But Jesus saw through the nature of their request and responded with a stinging indictment.

“An evil and adulterous generation seeks for a sign, but no sign will be given to it except the sign of the prophet Jonah.” – Matthew 12:39 ESV

These were men who took great pride in their righteousness and faithful adherence to the law of Moses. So, for Jesus to address them as evil and adulterous was a nothing less than a verbal slap in the face. Not only that, Jesus refused their request for a prophetic pronouncement and, instead, announced a sign of coming judgment. The story of Jonah would have been very familiar to these men. But Jesus gave the story an intriguing new twist. He tied it to His future death, burial and resurrection. Just as Jonah was three days in the belly of the great fish, Jesus predicts His own 3-day long interment in the tomb. And just as Jonah had been sent by God to bring a message of repentance and salvation to the people of Ninevah, Jesus, by His death and resurrection, would make possible the salvation of all those who hear and accept His offer of justification by faith.

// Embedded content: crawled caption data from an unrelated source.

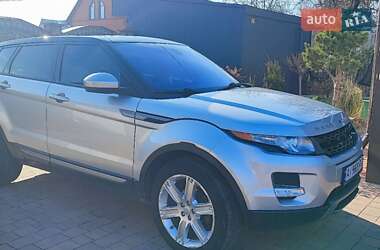 Внедорожник / Кроссовер Land Rover Range Rover Evoque 2015 в 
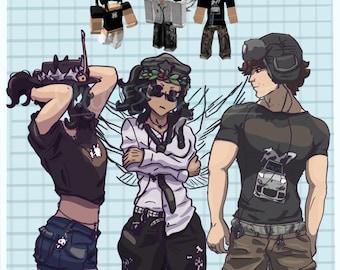 Digital art comissions, Roblox avatars, OC designs, Logos and more! Dm for cheaper prices!!!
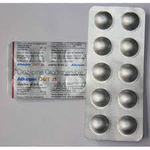 Alkepin odt 25mg Tablet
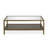 Chiang Glass Top Coffee Table-301314501-272199577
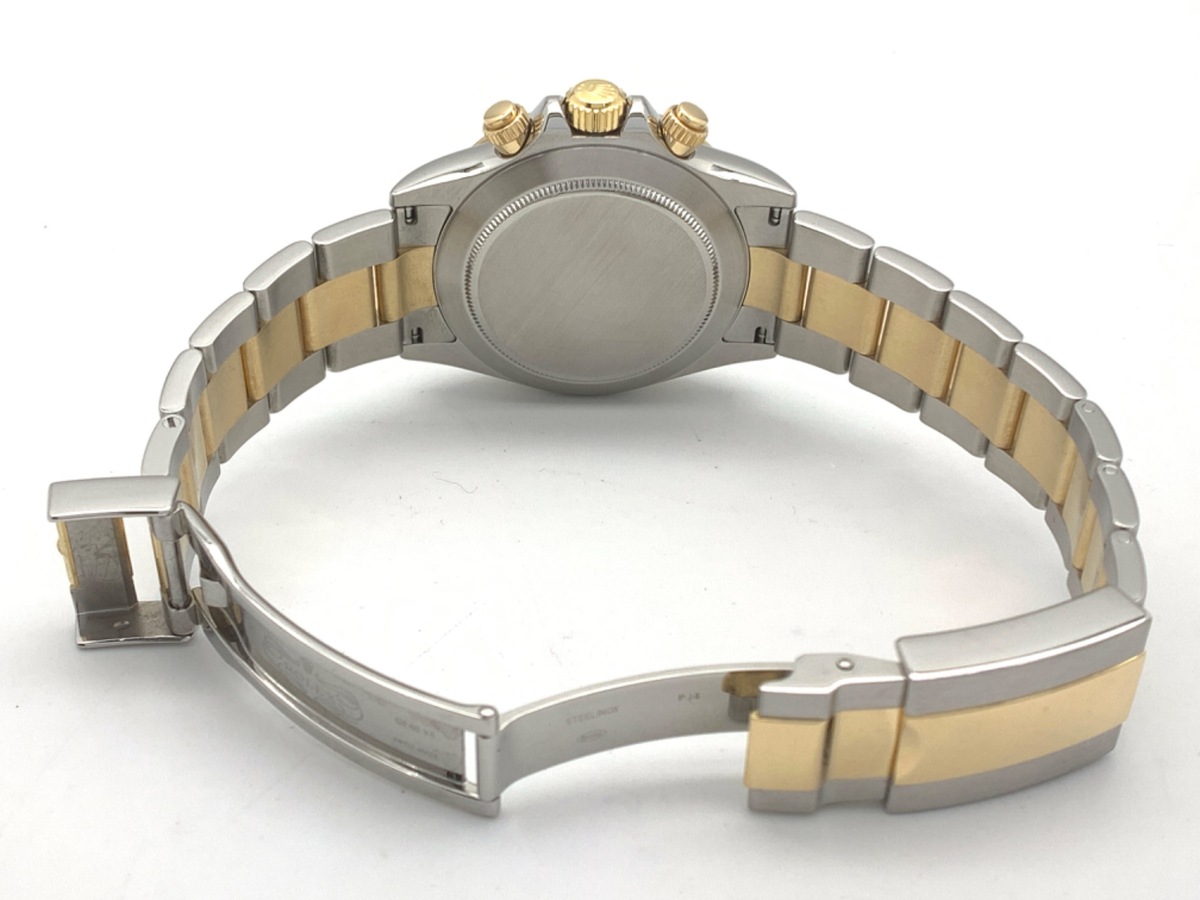 ロレックス(ROLEX) デイトナ ブルー 116523 ステンレススティール/イエローゴールド アラビア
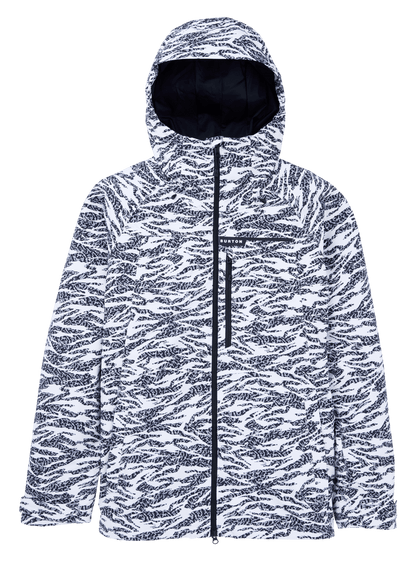 BURTON M / Zebra Camo Burton Mens Lodgepole Jacket Zebra Camo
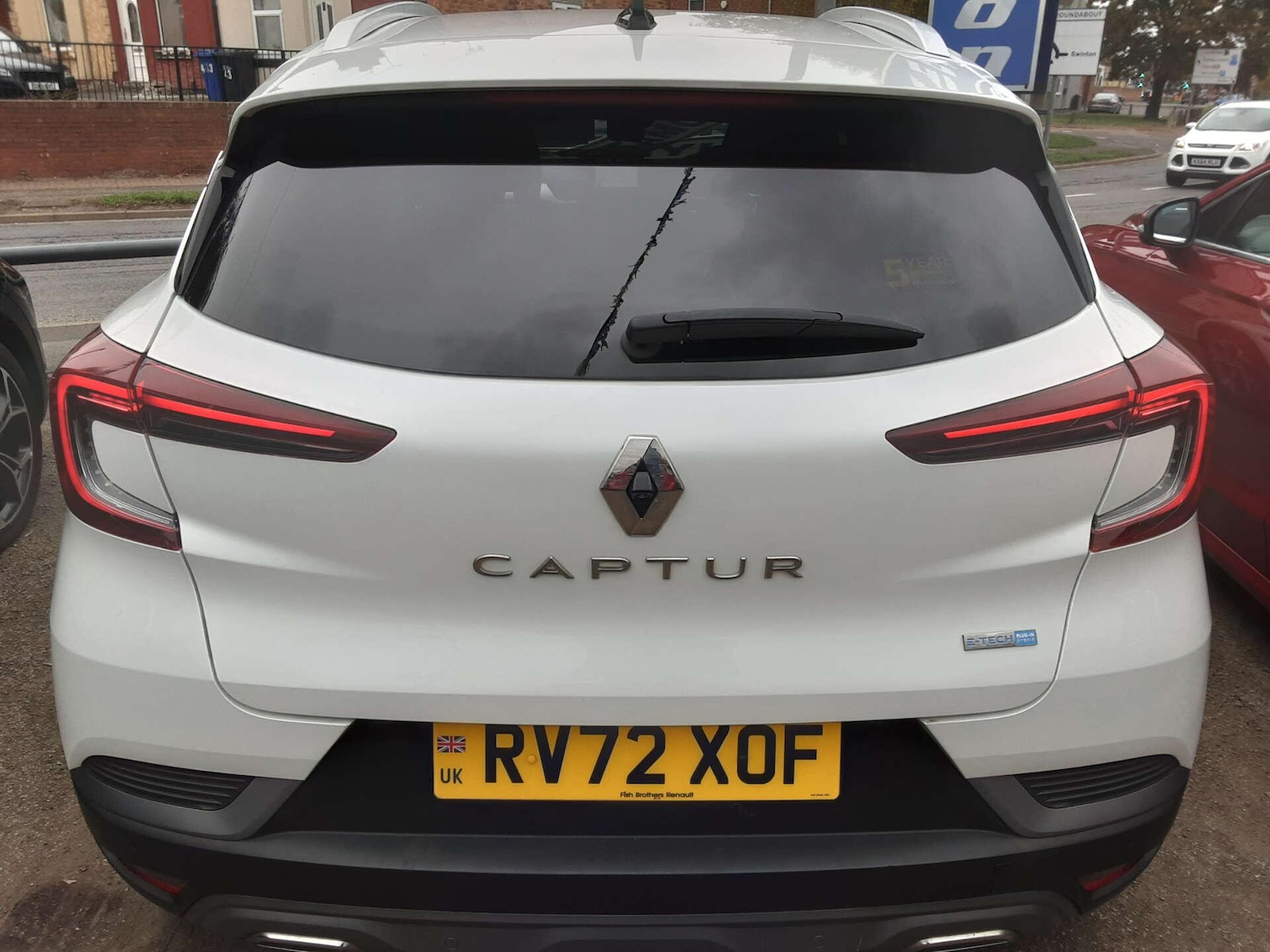 Used Renault Captur 2022 for sale - 76807600: Photo 10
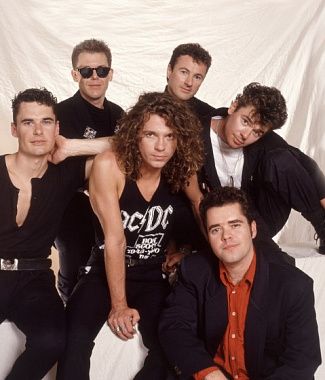 INXS Band Pic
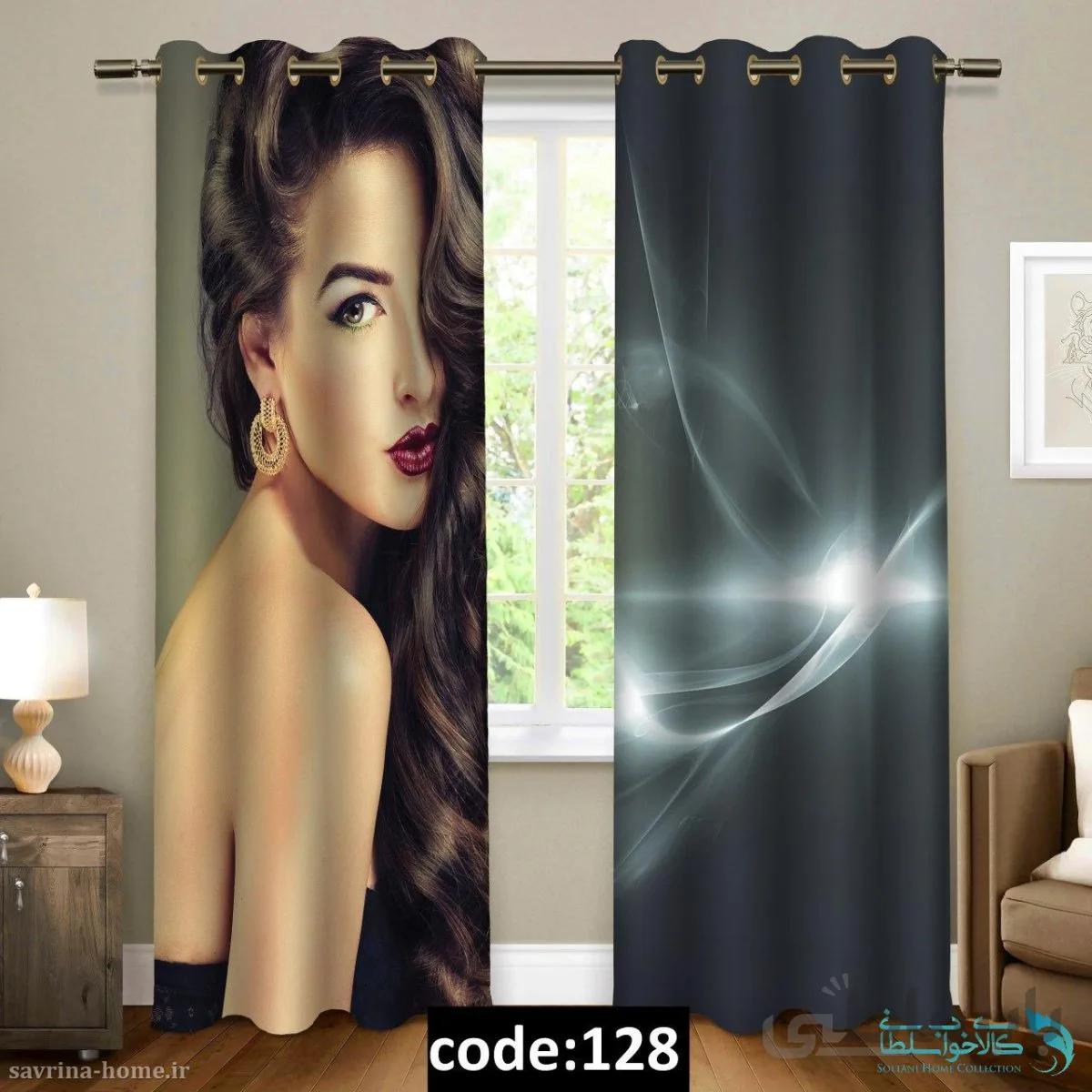 پرده پانچی مدل Sh-128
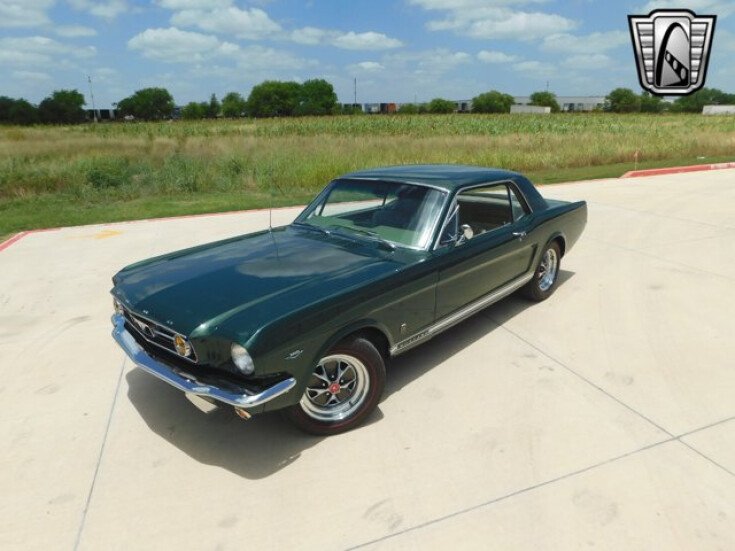 Thumbnail Photo undefined for 1966 Ford Mustang GT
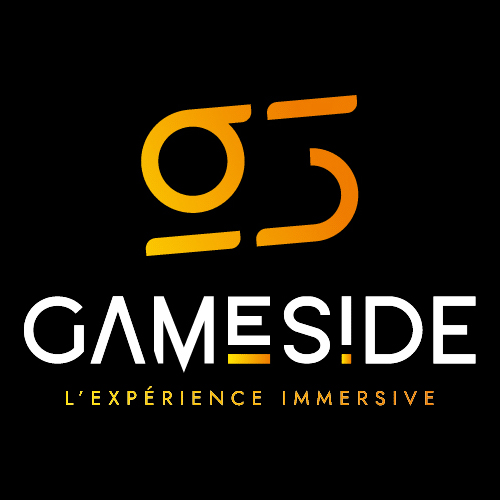 Logo GameSide complexe de loisirs PERPIGNAN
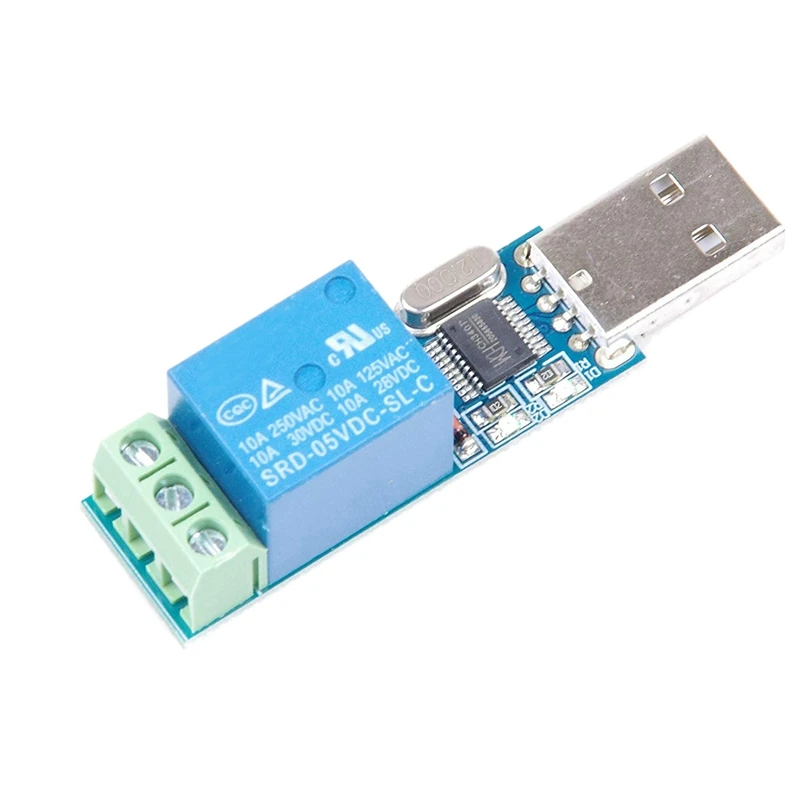 USB Relay Module USB Intelligent Control Switch USB Switch For LCUS-1 Type Electronic Converter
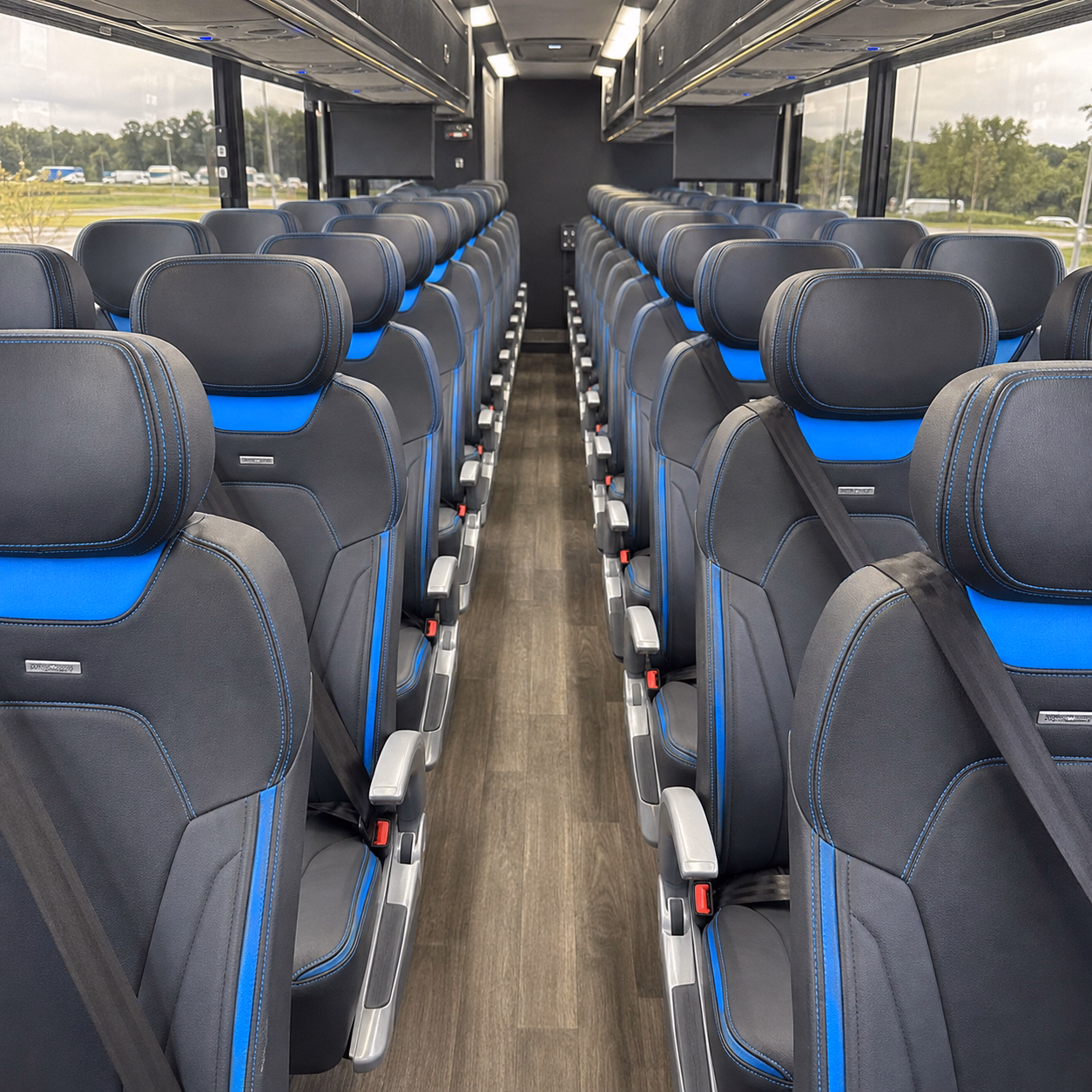 bellflower corporate charter bus rentals in bellflower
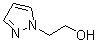 1-(2-Hydroxyethyl)-1H-pyrazole molecular structure (CAS 6314-23-4)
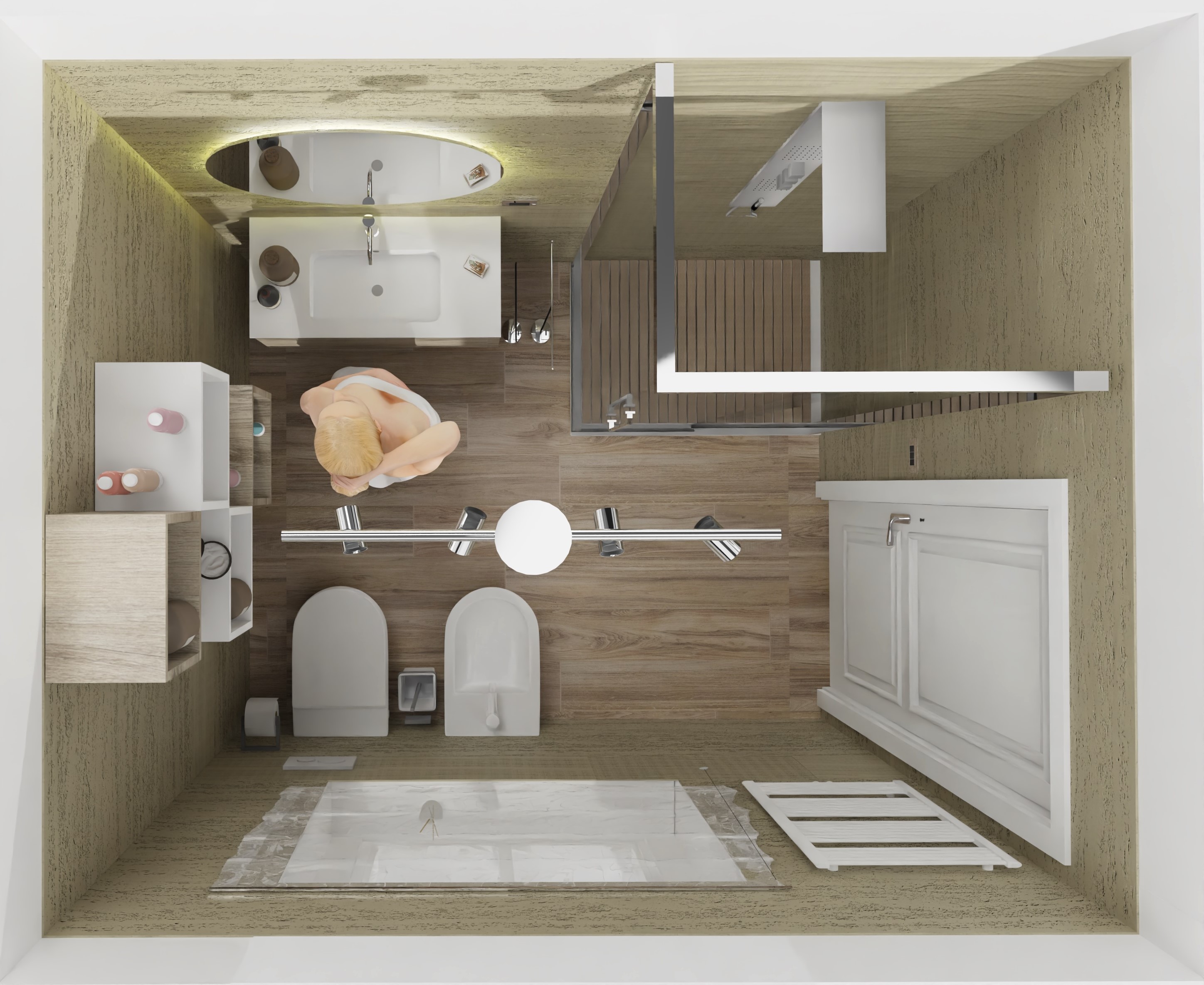 RENDERING Bathroom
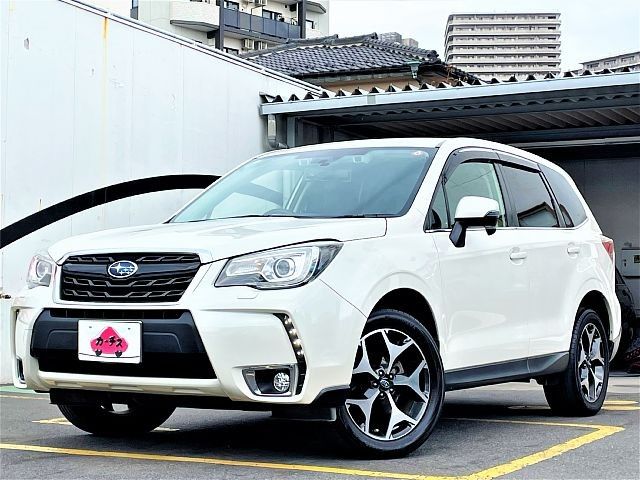 SUBARU FORESTER 2016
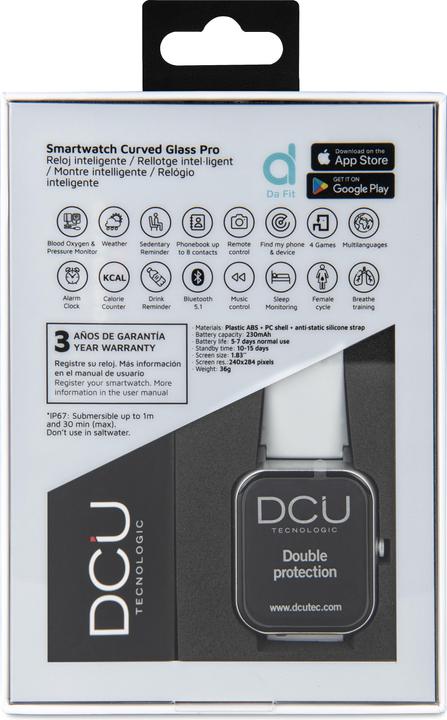 Actual product image DCU Tecnologic Curved Glass PRO (35 mm)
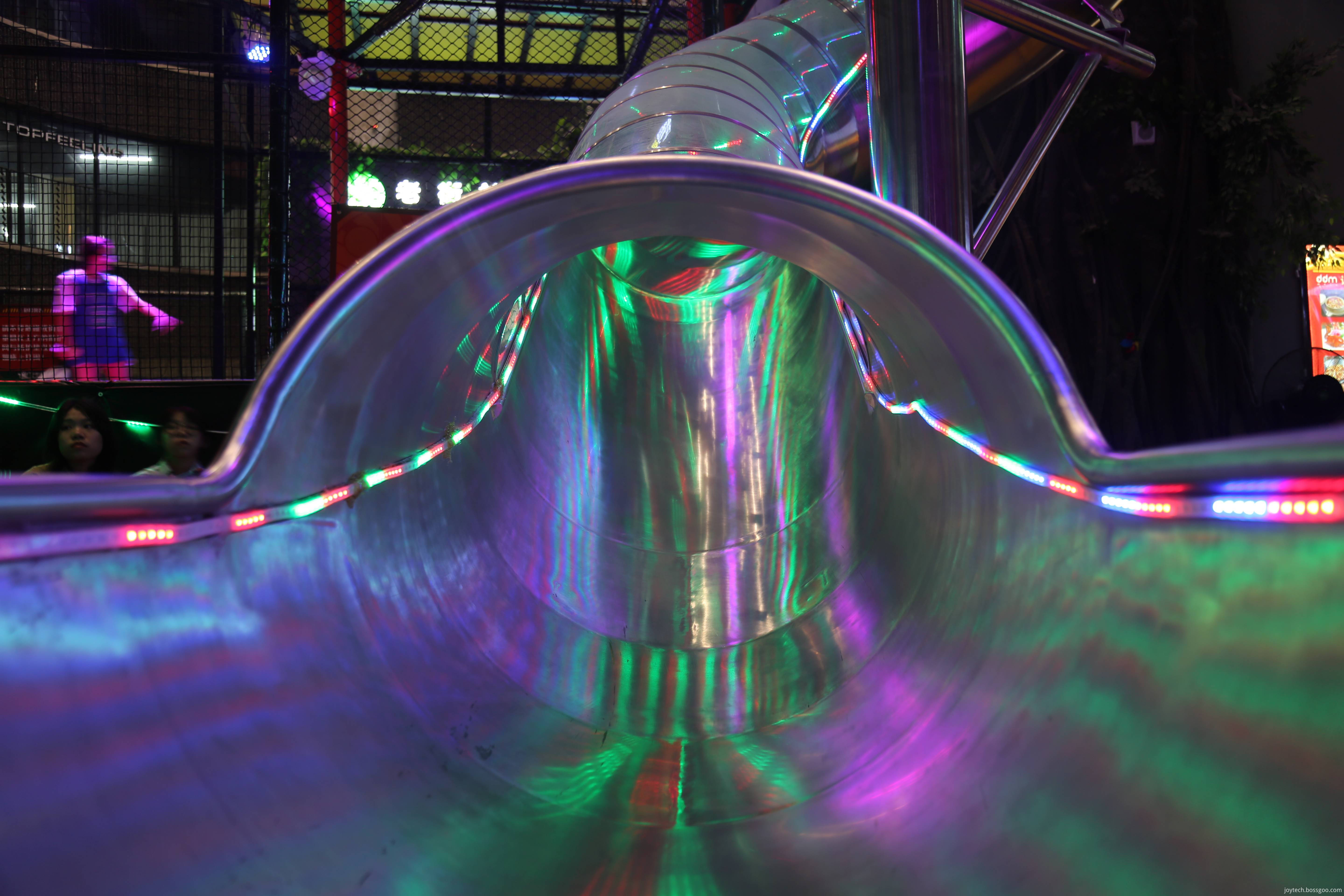 Stainless steel slide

In a way, Jesus was answering the request of the scribes and Pharisees, but not in a way that they would have recognized. He was predicting the future, clearly indicating the manner of His own death and the means of salvation it would make possible. But He was also predicting the fate of the scribes and Pharisees, as well as all those who refuse to accept the salvation that Jesus’ death will make available.

The men of Nineveh will rise up at the judgment with this generation and condemn it… – Matthew 12:41 ESV

The pagan, Gentile people of Ninevah heard and responded to Jonah’s message of repentance and were saved from destruction. But the scribes and Pharisees, like most of the Jews of Jesus’ day, would refuse Jesus’ offer of salvation, choosing instead to rely on their own self-made righteousness. And Jesus made it clear that, at the judgment, the people of Ninevah would stand as witnesses against the Jews for their refusal of God’s gracious offer of salvation made possible by Jesus’ death on the cross.

Knowing the great respect these men had for the Scriptures, Jesus made an interesting statement that would have further incensed them against Him.

something greater than Jonah is here – Matthew 12:41 ESV

He was referring to Himself and that fact would not have escaped them. Jesus was placing Himself on a higher plane than their own Scriptures. He was claiming to precedence over the stories of Scripture, because He was the ultimate fulfillment of those stories. Jonah had been nothing more than a foreshadowing of Jesus Himself. Jonah had been just a man, and he had fulfilled the command of God reluctantly. His “death” in the belly of the great fish had been a form of judgment for his own disobedience. But Jesus would prove to be a faithful and obedience Savior, willingly giving His life so that others might experience eternal life.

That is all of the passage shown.